A voler tirare le somme, la proposta Calenda prevedeva 800 assunzioni in più rispetto a quella Di Maio. Per il resto, i due piani sono pressoché identici, sia per quanto riguarda il mantenimento dell’anzianità aziendale sia sul piano del salario e dei diritti: compresa la ‘’sopravvivenza’’ dell’articolo 18 per tutti i ri-assunti, come era previsto nel piano di maggio come nell’intesa di settembre. Il mood di giornata, tuttavia, preferisce che vi siano differenze abissali; ma la differenza più profonda, probabilmente, è nell’atteggiamento dei tre sindacati nei confronti dei due ministri che si sono succeduti al Mise: pochissimo amato e supportato Calenda, e invece ringraziato coram populo dai leader dei metalmeccanici Di Maio, per ‘’il suo ruolo fondamentale’’ svolto nel raggiungere l’intesa, dopo l’improvvisa conversione da ‘’chiudo l’Ilva” a “salvo l’Ilva” in meno di 48 ore.

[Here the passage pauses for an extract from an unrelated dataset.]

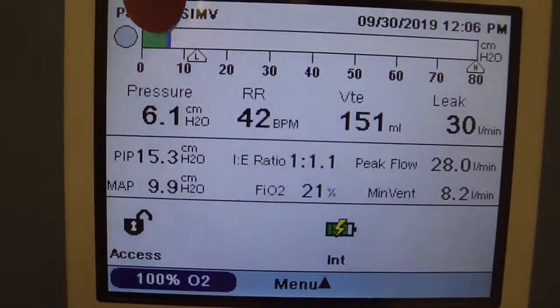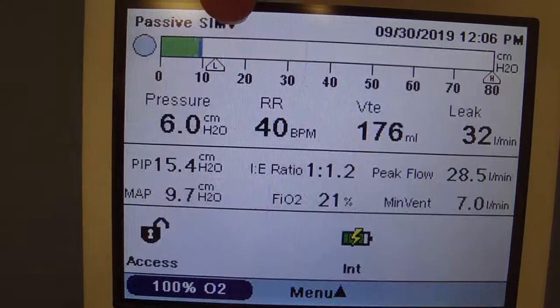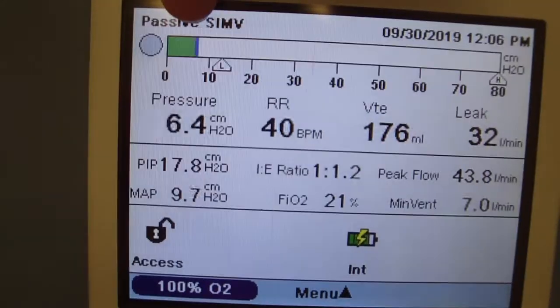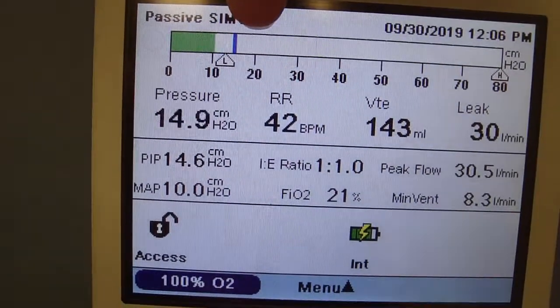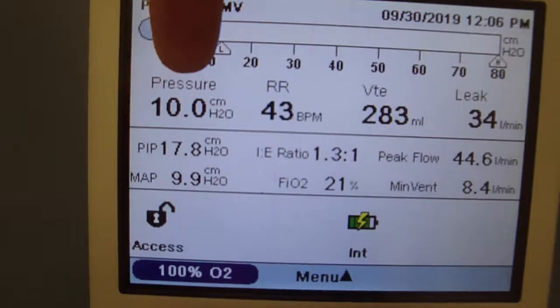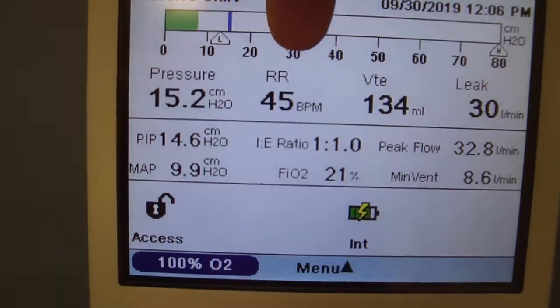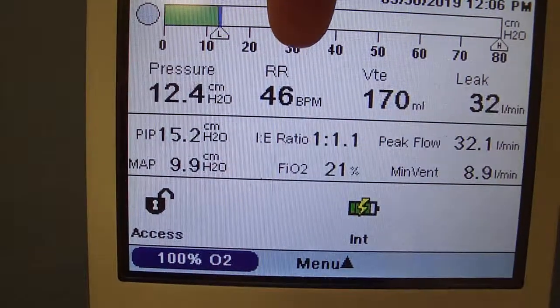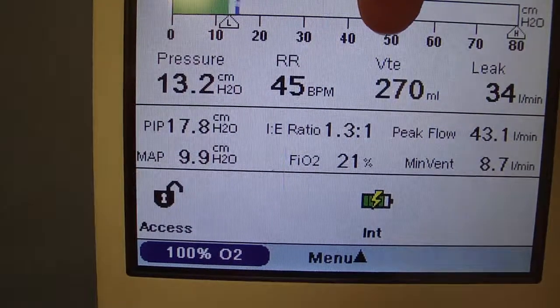This bar at the top shows each time of breath, returns to PEEP, and then the peak inspiratory pressure. The pressure is also shown here. The respiratory rate is managed, and then the tidal volume.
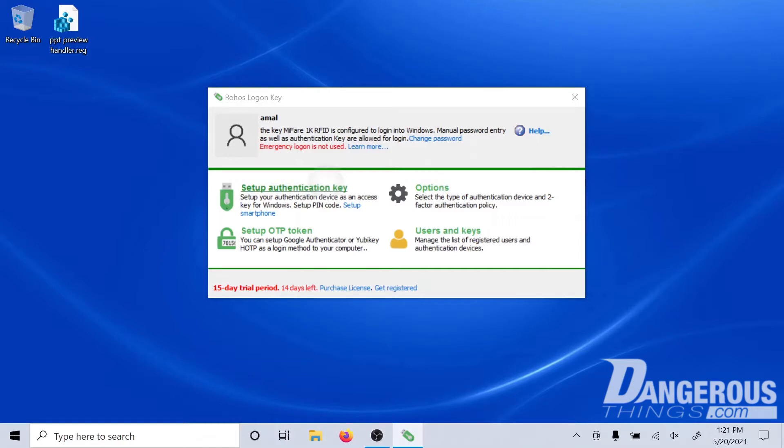I'm assuming you've already installed RoHS, so it's just a simple download and a standard installation process. Once it's installed, just go to the start menu and type RoHS Logon Key to bring up this window.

Calenda si guarda bene di scendere in polemica con i sindacati, ma si limita a commentare via social: “Il merito dell’accordo sindacale riguarda le parti sociali: se lo hanno ritenuto migliore di quello proposto da noi va bene così”. Quello che conta, alla fine, è il risultato: “ ILVA non chiude, la gara resta valida e l’investitore è quello che abbiamo trovato noi. Una vittoria netta per i governi del Pd e per l’Italia”. E tuttavia, poiché come si dice “signori si nasce”, l’ex ministro approfitta dell’occasione per rivolgere un ringraziamento pubblico ai suoi ex collaboratori di Via Veneto nel caso Ilva, che in questi mesi hanno continuato a lavorare caparbiamente al dossier, e al commissario Laghi: “Sento il dovere di ringraziare Simonetta Moleti, Enrico Laghi e Giampiero Castano. Senza di loro l’ILVA avrebbe già chiuso i battenti da molto tempo. Bravissimi”.